On Friday 22nd May 2015, the Music Department hosted the Middle East and Central Asia Music Forum. This forum has been running twice a year since 2007 under the auspices of the Institute of Musical Research, but has recently moved its base to City. The Forum provides a meeting point for students, researchers and others interested in the musics and culture of the Middle East and Central Asia.

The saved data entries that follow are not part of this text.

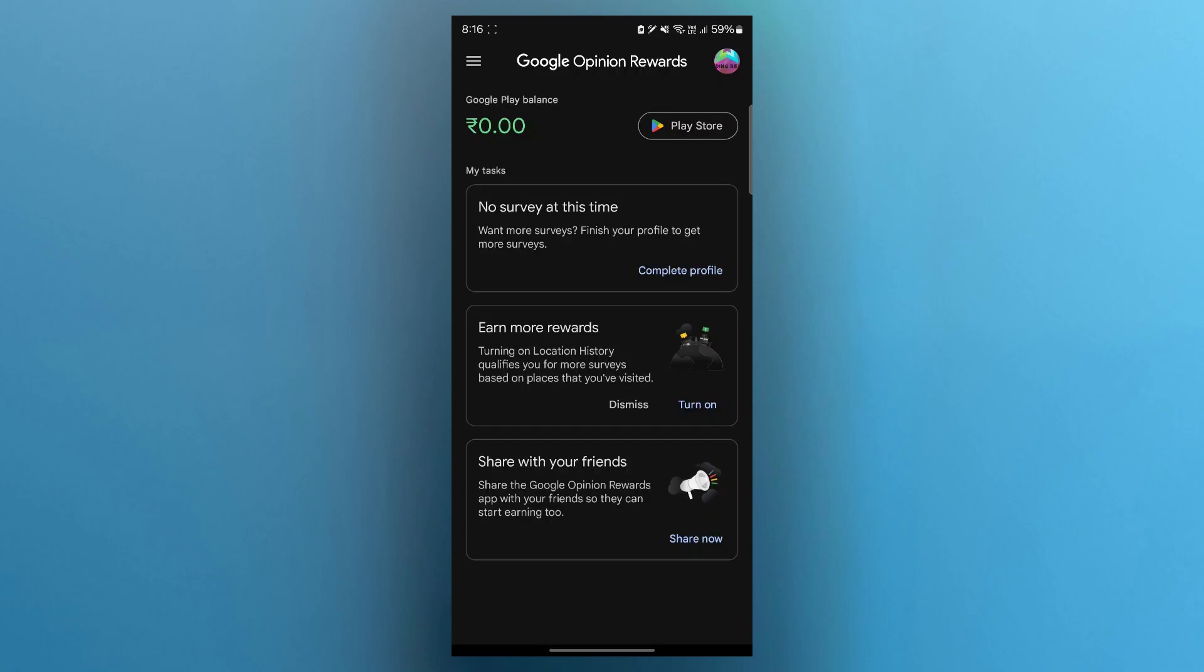On Android, rewards are sent as Google Play credits which can be used for apps, games, movies or books. On iPhone you will be paid via PayPal. Once you reach the payout threshold, make sure your PayPal is linked during the setup.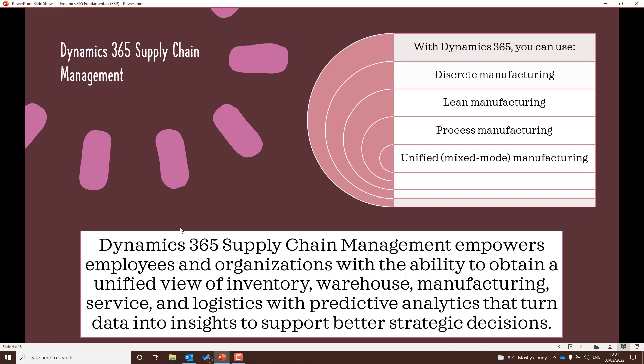Let's start with Supply Chain Management. It empowers employees and organisations with the ability to obtain a unified view of inventory, warehouse, manufacturing, service, and logistics, with predictive analytics that turn data into insights to support better strategic decisions. An exam tip: make sure you learn the differences between discrete manufacturing, lean manufacturing, process manufacturing, and unified mixed mode manufacturing — that could be quite a key topic in the exam.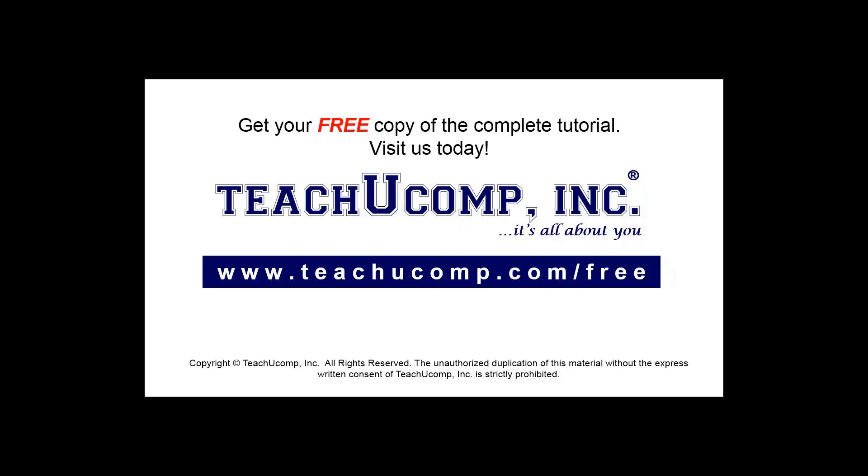Get your free copy of the complete tutorial at www.teachucomp.com forward slash free.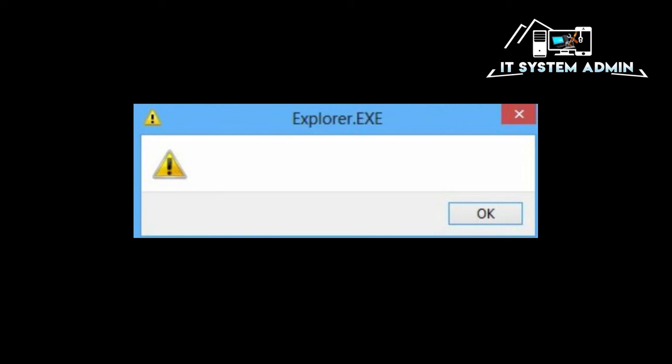Hello viewers, this is IT System Admin, a complete troubleshooting solution for you. Today, in this tutorial, I am going to show you how to fix Explorer.exe not working at startup on Windows 10 computer. Sometimes it becomes very important for you, so don't forget to watch full video.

The day was a great success with about 70 people in attendance and a lively atmosphere with plenty of positive feedback and stimulating discussion after papers and in between in lunch and coffee breaks. There were 10 speakers altogether, including both research students and academics from across the UK and abroad. Highlights of the day included presentations by two City PhD students, Steve Wilford and Sam Mackay, whose papers were entitled: ‘Between Thames and Sahara: Representations of Algerian Music in Contemporary London’ and ‘A Shared History? North African Musical Heritage and the Public Sphere in Contemporary Marseille’. Other papers covered such diverse topics as female musicians in Afghanistan and Kuwaiti ṣaut music.

The main conference was followed by a book launch for Laudan Nooshin’s recently published Iranian Classical Music: The Discourses and Practice of Creativity (2015, Ashgate Press) and an evening concert which opened the City Summer Sounds Music Festival: ‘Sounds of the Bosphorous Today’ with sisters Neva and Yelda Özgen from Istanbul playing traditional and contemporary pieces on kemençe (bowed fiddle) and ‘cello.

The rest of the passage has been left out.